Herb Sutter recommends deque as the default container without a reason to
use another.

New questions:

Is deque more time efficient than vector? Is it more memory efficient than
list?

deque sounds similar to a data structure which I'l call "Rope". That's
designed for extra long and highly dynamic strings. When you insert a
character into the middle of the block, Rope might split the block, and
might put the new character into the lower block, with a reserved area after
the character, anticipating more. This naturally tunes for editors.

Does deque split blocks like that at insert time?

Block splitting requires eventual heap compaction. How could deque support
that? (Custom memory allocators need not apply!)
 
C

chris

Catalin said:
There are some differences between vectors and deques. A deque is very
performant at front and back insertions (constant time). A deque doesn't
store the elements in a continuous memory block, like vectors, but in linked
blocks. This means that it doesn't reallocate memory when the the size
becomes greater than capacity (like in the case of a vector), but instead
allocates a new memory block and links it to the last block used.

I've read claims that a deque can do constant time insertions at the
beginning and end and constant time random access. However is possible
to satisfy both of these requirements. I suspect that the insertions at
the beginning and end are only required to be amortized constant time?
If constant time random access is to be achieved, then we can't simply
be using a list of blocks else accessing an arbitary element would be
linear?

Chris
 
R

Richard Herring

chris said:
Hello,

I've recently been trying to understand the various structures supplied
by c++, and the one I find most confusing is deque.

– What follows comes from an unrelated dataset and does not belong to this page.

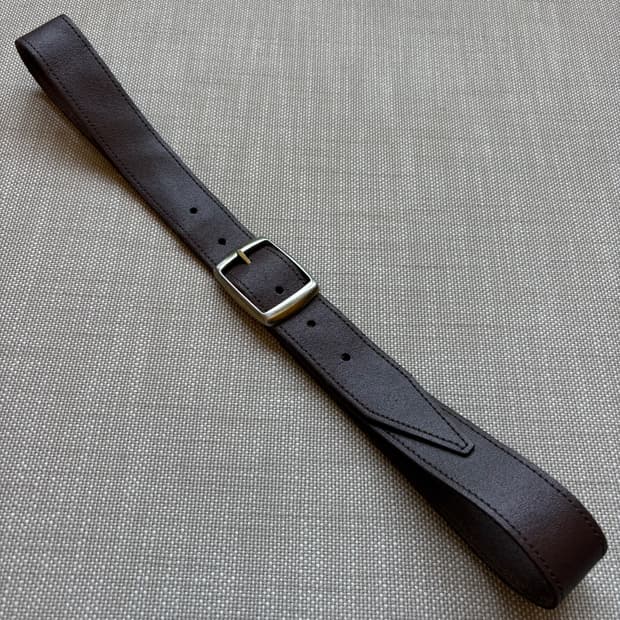 [34] 90s USA 브라운 레더 솔리드 브라스 버클 벨트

One quick question about this. It seems most implementations of deque
are quite complex. Why couldn't I implement deque with a couple of
vectors V,W where the deque is the element of V in reverse order
followed by W? This would appear to me to satisfy all the conditions,
and be significantly simpler. Am I missing something obvious?

What happens when you repeatedly pop from one end until one of the two
vectors is empty?
 
C

chris

Richard said:
What happens when you repeatedly pop from one end until one of the two
vectors is empty?

Ah yes, I see your point. If you get pushing on one and and popping from
the other, then one of the two vectors would continue to grow bigger and
bigger over time while the deque remained the same size (I'm assuming in
this situation this kind of pushing on one end, popping off the other
should take a vaguely constant amount of memory, although I'm not
convinced the standard is clear about that requirement).

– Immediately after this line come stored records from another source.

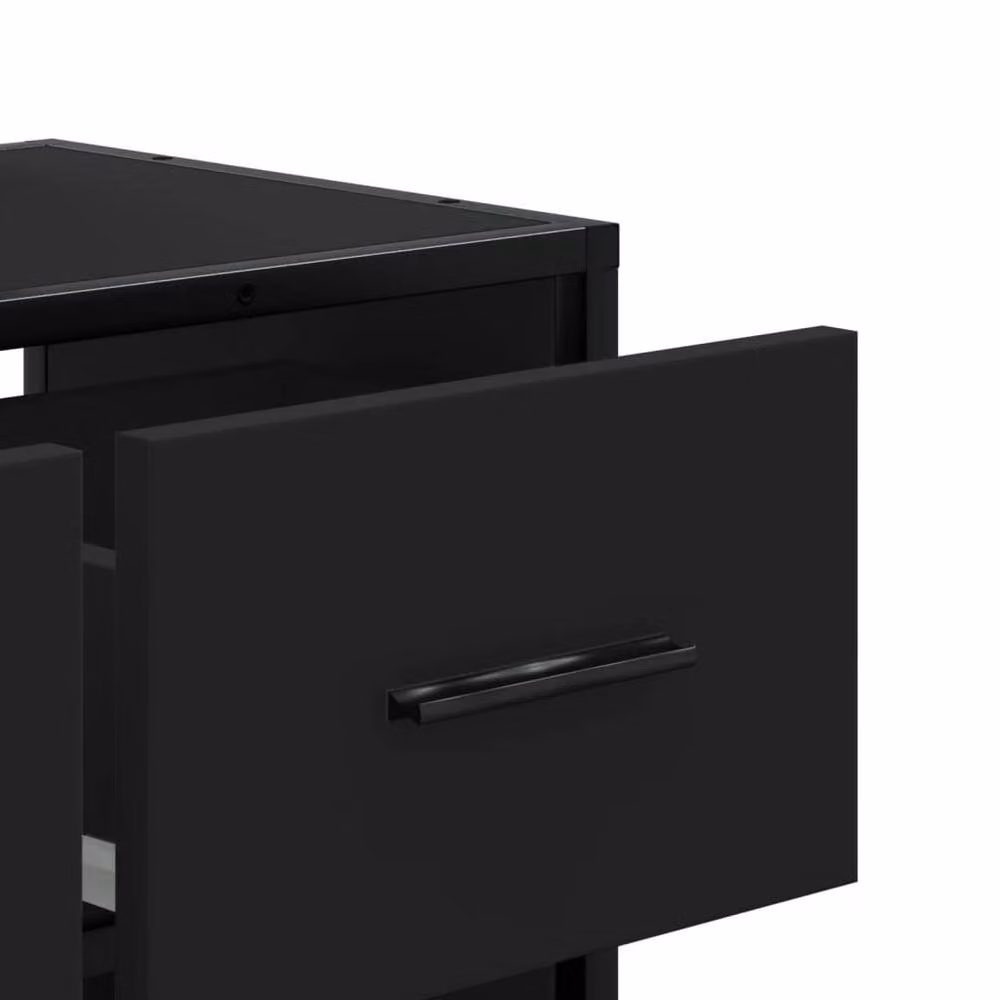 Berkfield Home Modern Black TV Cabinet in MDF and Metal, W/D/H: 60 x 31 x 39.5 cm – 5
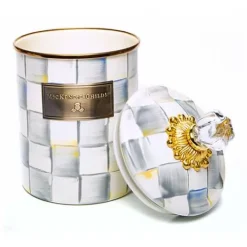 MacKenzie-Childs Sterling Check Medium Canister< Room Accents|Kitchen Storage & Organization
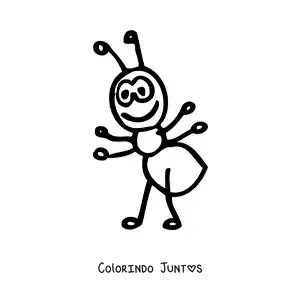 Desenho para colorir de uma formiga animada grande fácil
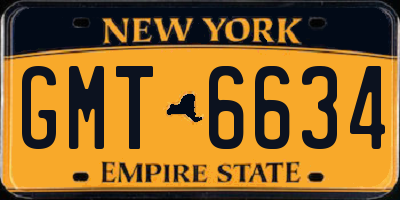 NY license plate GMT6634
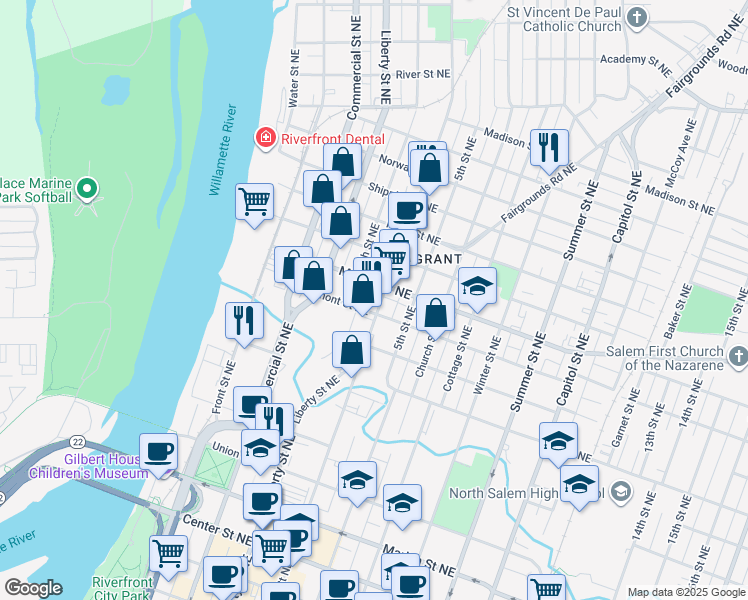 map of restaurants, bars, coffee shops, grocery stores, and more near 1127 Broadway Street Northeast in Salem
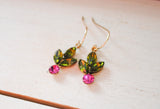 Vintage Rhinestone Pink Holly Berry Earrings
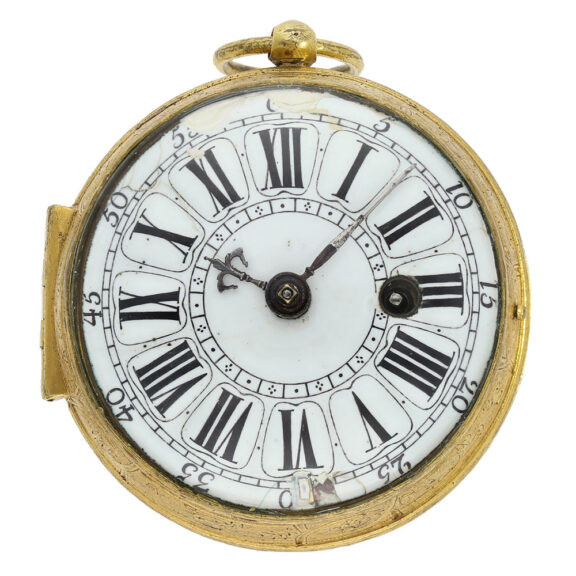 Rare French oignon watch with relief case and silver factory decoration Circa 1710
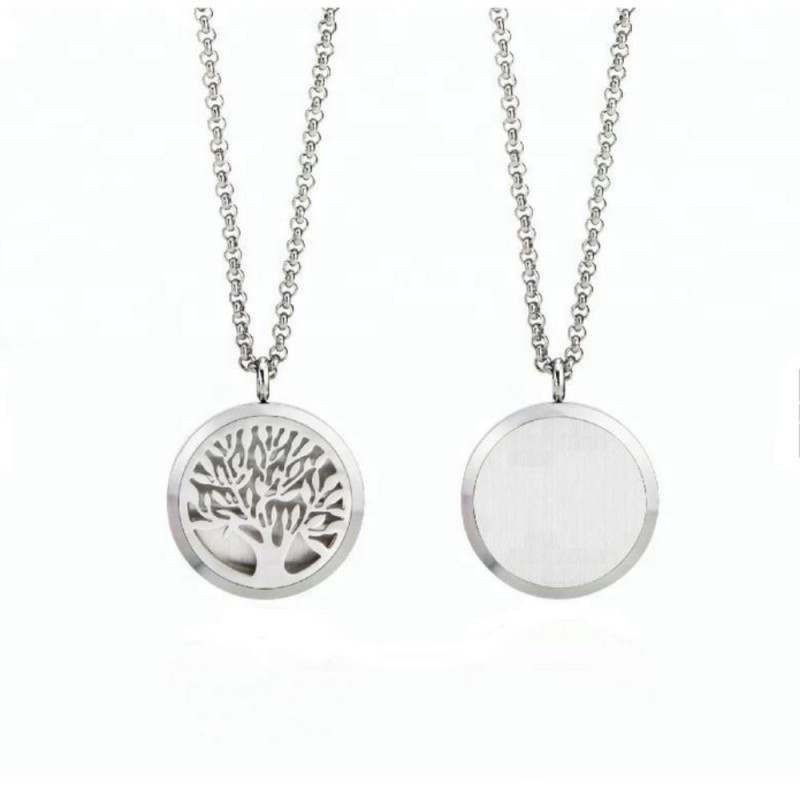 Medalion aromaterapie uleiuri esentiale model Copacul Vietii, argintiu, 25 mm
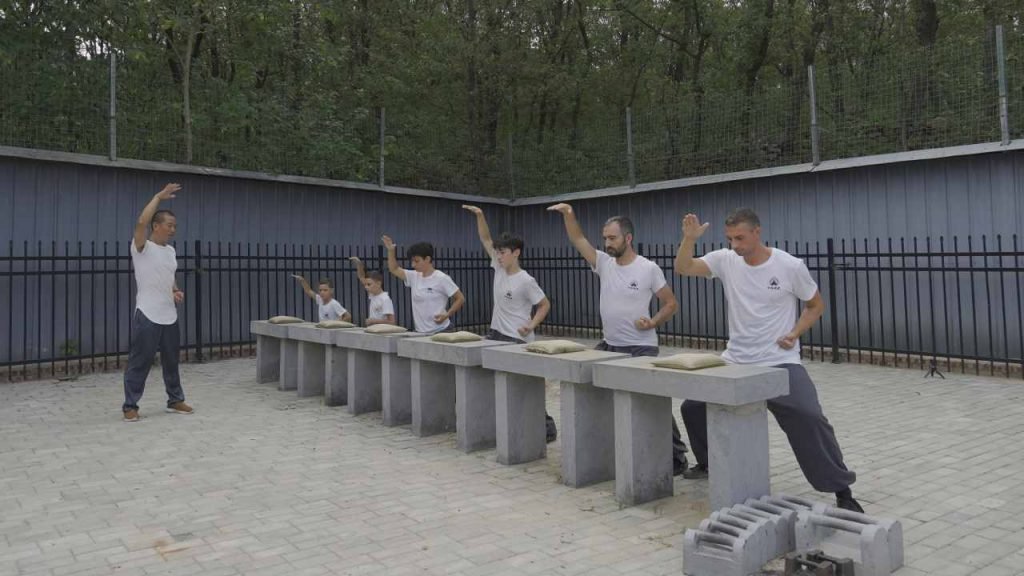 image shows students doing shaolin kung fu training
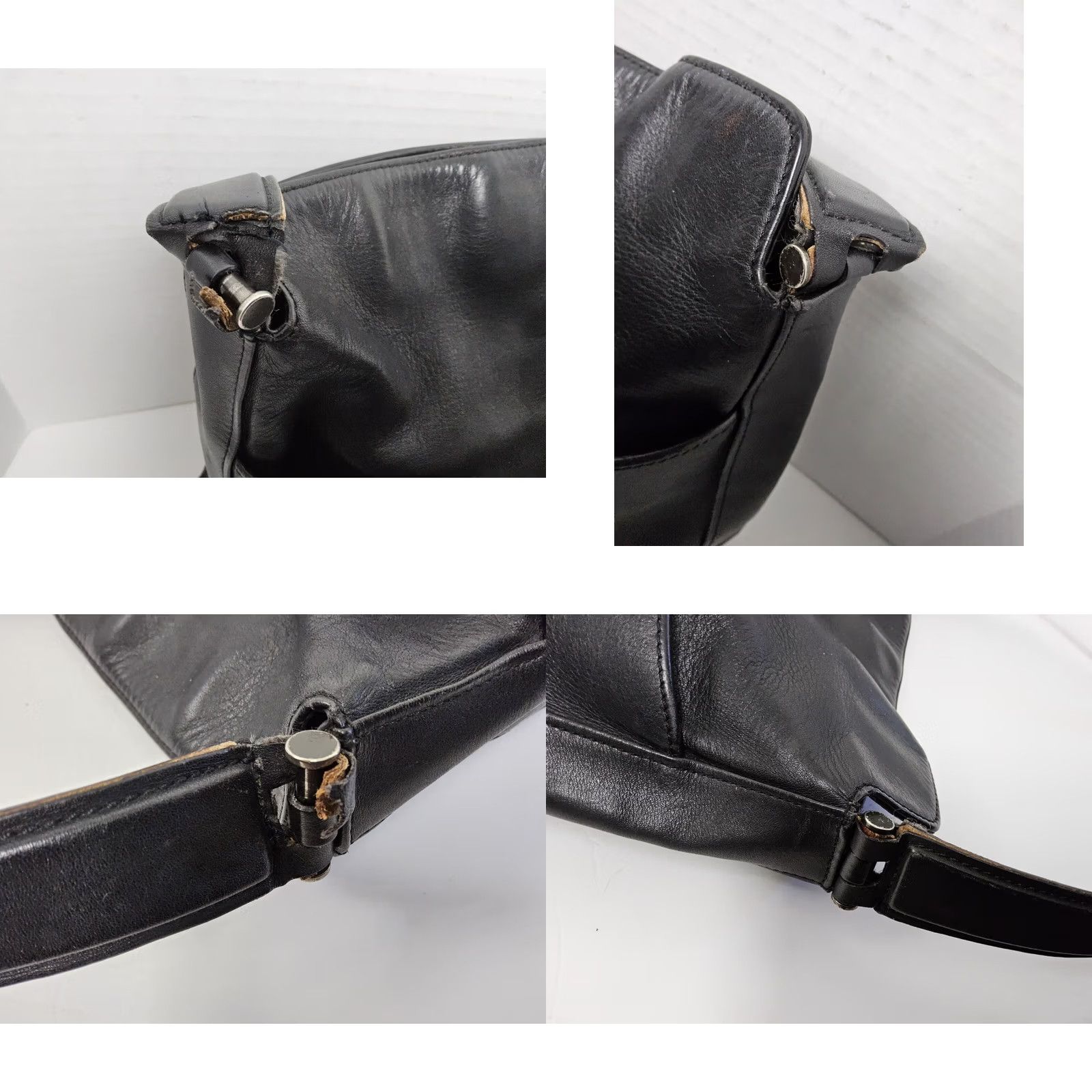 Coach VINTAGE Coach Shoulder Bag Purse Unisex Adults Leather Black 9180 USA 12.5x11.5x3.5 Size ONE SIZE - 8 Thumbnail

However, whenever we have to resize one of the vectors, then we could
take the opportunity to do a rebalancing between the two vectors, which
could take twice as long as just resizing one vector, but would still
have the same complexity I believe (although I would have to think about
it..)

Chris
 
I

Ioannis Vranos

Phlip said:
Herb Sutter recommends deque as the default container without a reason to
use another.

New questions:

Is deque more time efficient than vector? Is it more memory efficient than
list?


TC++PL 3 has a table of container comparison on page 464 (17.1.2).

From that table:


[] list front back Iterators
operations operations operations

vector const O(n)+ const+ Ran

deque const O(n) const const Ran


"In the iterators column, Ran means random-access iterator and Bi means
bidirectional iterator; the operations for a bidirectional operator are
a subset of those of a random-access iterator (19.2.1).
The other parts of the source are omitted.